Gescheiterte Neuausrichtung trotz Investitionen

Nach dem Edeka-Aus unternahm die Deutschland-Card umfangreiche Anstrengungen, sich neu zu positionieren. Das Unternehmen investierte erheblich in den Versuch, die Plattform zu einer Werbeplattform für Unternehmen und einem digitalen Einkaufsbegleiter für Verbraucher umzugestalten. Trotz dieser Bemühungen scheiterte die Strategie vollständig.

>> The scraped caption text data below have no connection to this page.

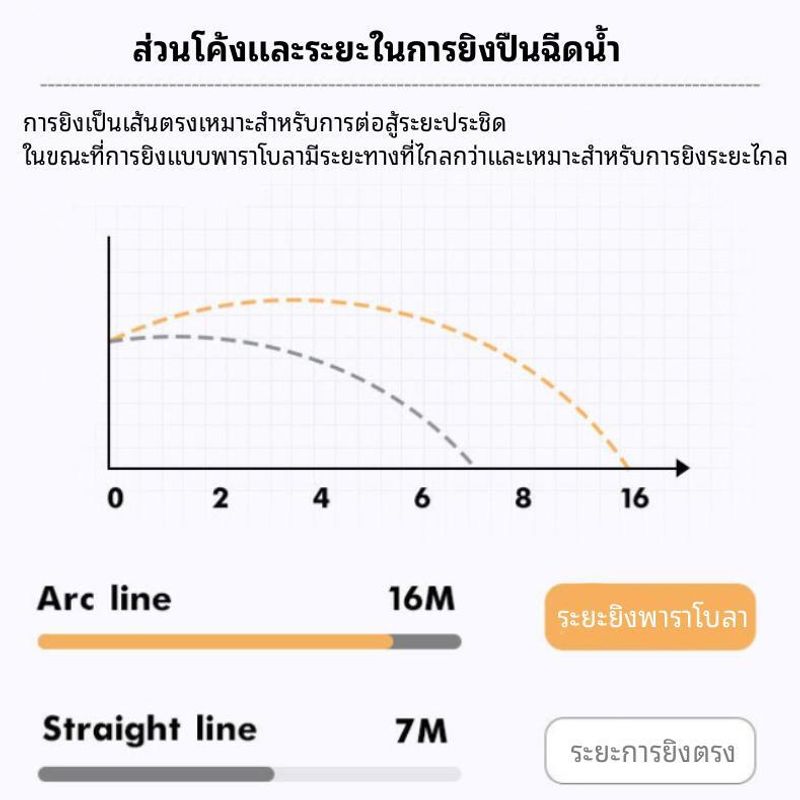 ปืนฉีดน้ำ ปืนฉีดน้ำไฟฟ้าดูดน้ำอัตโนมัติแรงดันสูง ดูดน้ำด้วยปุ่มเดียว กันน้ำ แรงดันสูง ของเล่นเด็กผู้ชาย ของเล่นกลางแจ้ง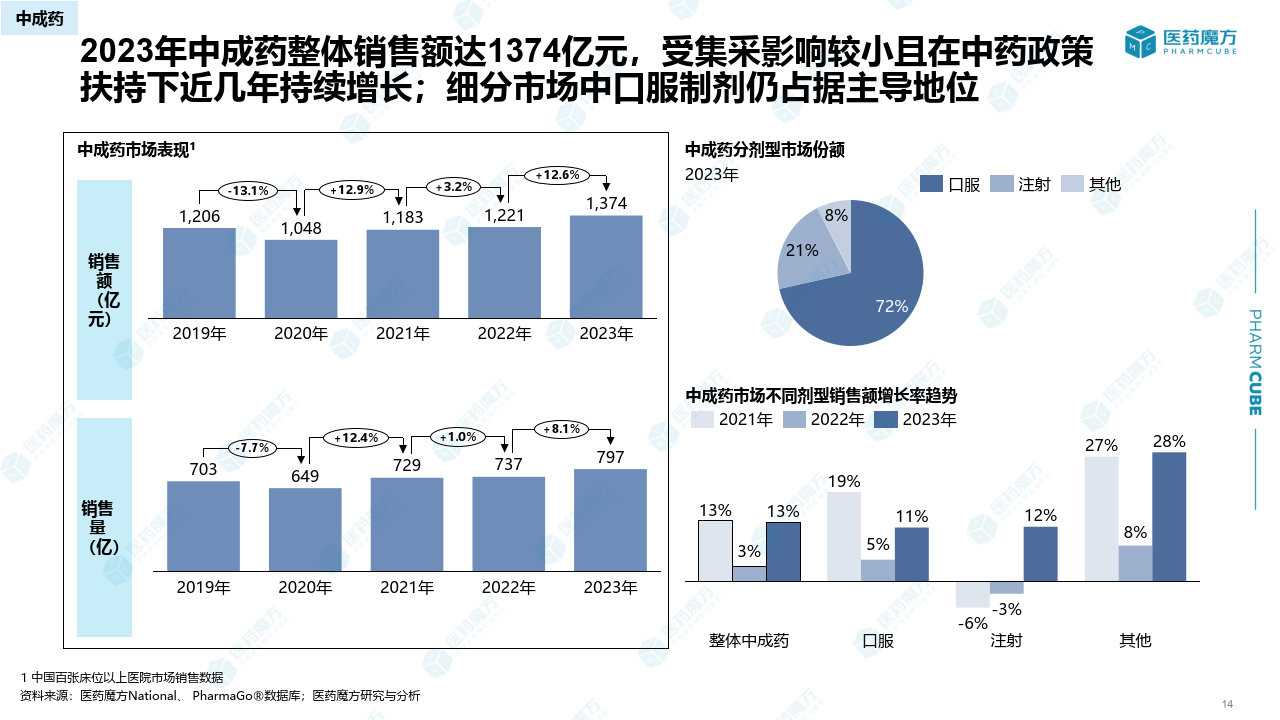 2023年度中国医院药品市场分析报告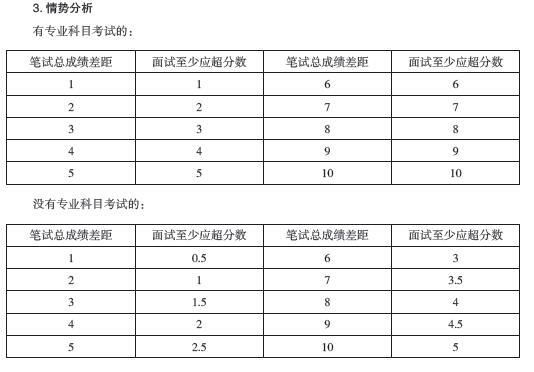 2017年江西省公务员考试面试考情分析及命题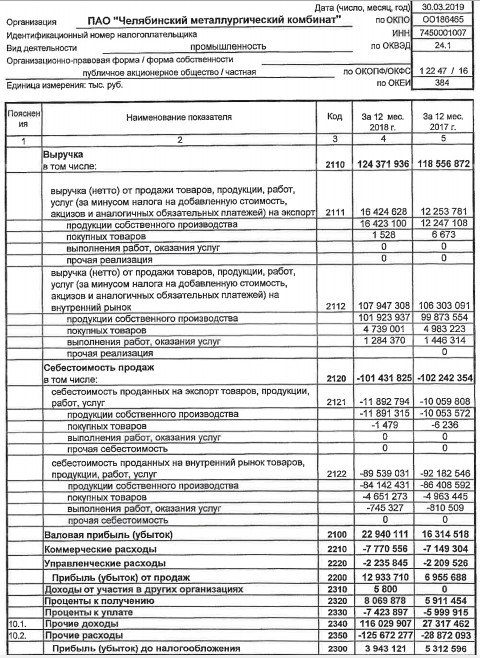 ЧМК - чистая прибыль по РСБУ за 2018 г снизилась на 21%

Management äußert sich zur Entscheidung

Dirk Kemmerer, Geschäftsführer von Bertelsmann Marketing Services, bezeichnete die Entscheidung als "äußerst schmerzhaft, aber unumgänglich". Er betonte, dass das Scheitern nichts mit der Leistung der Mitarbeitenden zu tun habe. Vielmehr seien schwierige gesamtwirtschaftliche Rahmenbedingungen und eine schwache Nachfrage sowohl im B2B- als auch im B2C-Bereich für das Ende verantwortlich.

Bestehende Leistungen für Kunden, Partner und Nutzer sollen im Rahmen einer geordneten Übergangsphase bis zur endgültigen Einstellung fortgeführt werden. Das Magazin "Lebensmittelpraxis" hatte bereits über das bevorstehende Aus des Bonusprogramms berichtet.